Innsmouth

The algorithm can be annoying as you get thrown loads of stuff in your filter bubble that is tangentially linked to something you once looked up by accident. I think mine is still recovering after my youngest daughter got on my laptop and started to look up Teeniepigs (check out the opening credits- it’s pretty bad) as I still get loads of bad CGI animation clips with questionable voice acting in my feed.

Occasionally thought, the algorithm throws you a bone that is so very you and that is what happened this time with Innsmouth.  A classic H.P. Lovecraft tale given a Japanese twist by Chiaki Konaka, the writer who would go on to write the cult classic anime Serial Experiment Lain? Yes please! Where have you been all my life?

I didn't even know this TV movie even existed until it popped up on my feed but diving in blind was blown away by how me it was.
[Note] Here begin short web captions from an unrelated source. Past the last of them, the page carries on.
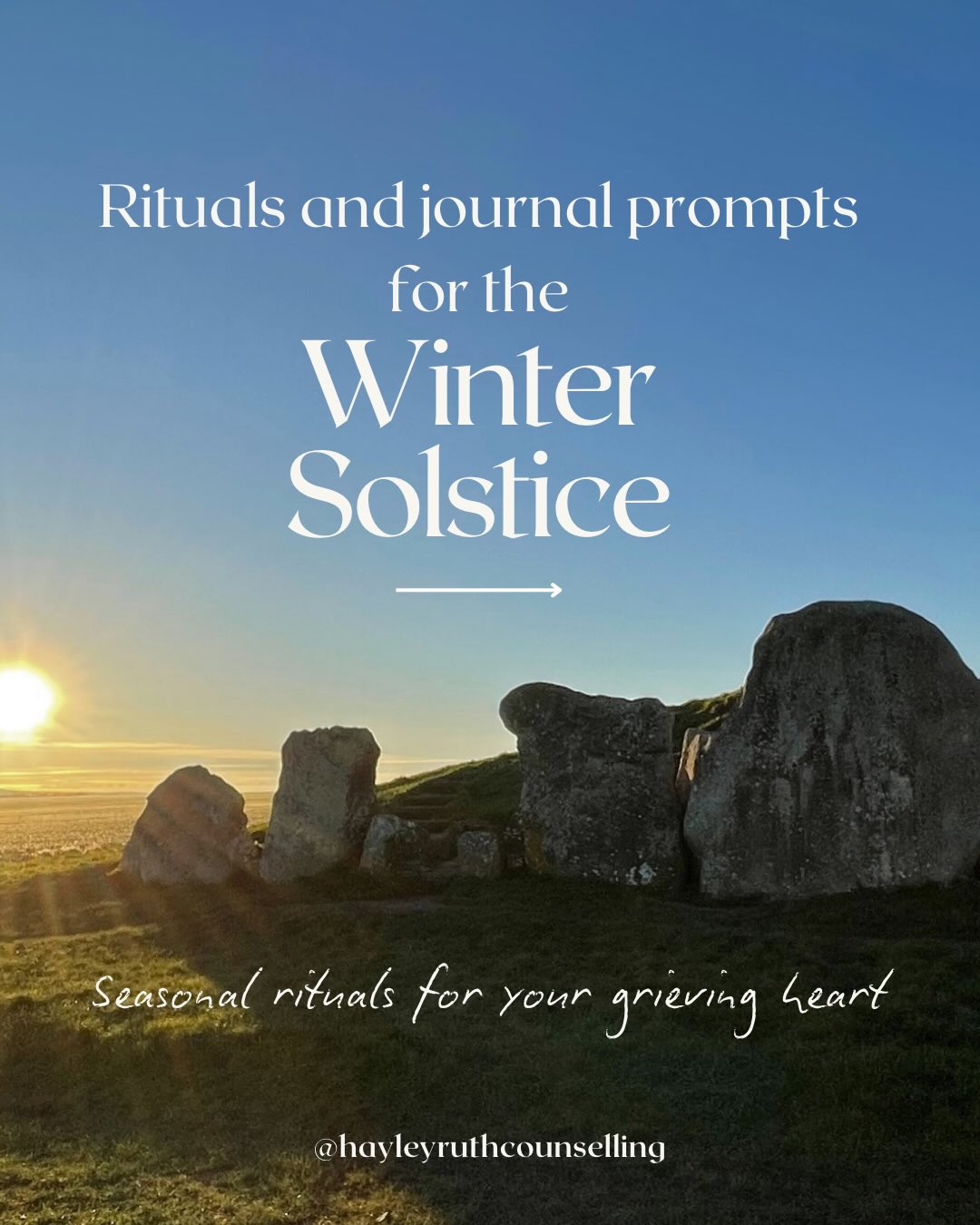 The Winter Solstice is a beautiful time to honour our grief.
As we reach the longest, darkest night of the year, grief can feel very close as our energy turns inward.
In Celtic and pagan traditions, this was a time to honour the cycle of death and rebirth, to sit with darkness while trusting in the light’s return. These ancient rituals created space for both the grief and the hope, the ending and the beginning.
For those of us carrying grief, the solstice can feel like a mirror to our own journey. It offers gentle permission to honour where we are, while trusting in our own slow return to finding balance between the dark and the light.
I’ve shared some simple rituals inspired by these traditions, along with journal prompts to reflect on your grief in line with the themes of the solstice.
I hope these rituals bring you comfort as we make our way through the darkest part of the year, and a sense of hope as we welcome the gradual return of the light. ✨
#wintersolstice #wintersolstice2025 #yule #wheeloftheyear #griefritual #griefrituals #grieftending #grieftendingrituals #solsticeritual #holidaygrief #christmasgrief #avebury #darknessandlight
A travel photojournalist, Hirata Takuyoshi, heads to Innsmouth to see if there is a potentially untapped holiday spot in the making for his travel magazine. He discovers a quaint old fishing village which seems to have fallen into state of disrepair. The locals are unfriendly and he struggles to find anything redeeming about the village, until he meets a beautiful widow. They chat and kiss and things are going well but when Hirata discovers his used camera rolls taken and the local police unhelpful maybe the town is working against him. It all comes to a head one night, during the festival of Lord Dagon, when Hirata must escape from the village with his sanity intact.

The setting of Japan seems like a perfect fit for the story as many of the coastal fishing villages have been abandoned by the youth who have headed to the big cities, leaving behind the older generations. A sense of decay pervades the show and adds a feeling of otherworldliness to proceedings as our protagonist explores the port, museum, and local sites.

The music of Zbigniew Preisner, with his title score from The Double Life of Veronique, complements the film as a man struggles for his life against eldritch beings of which he has no knowledge.

For the budget of about a fiver, this hour long made for TV short film is effective and well worth your time.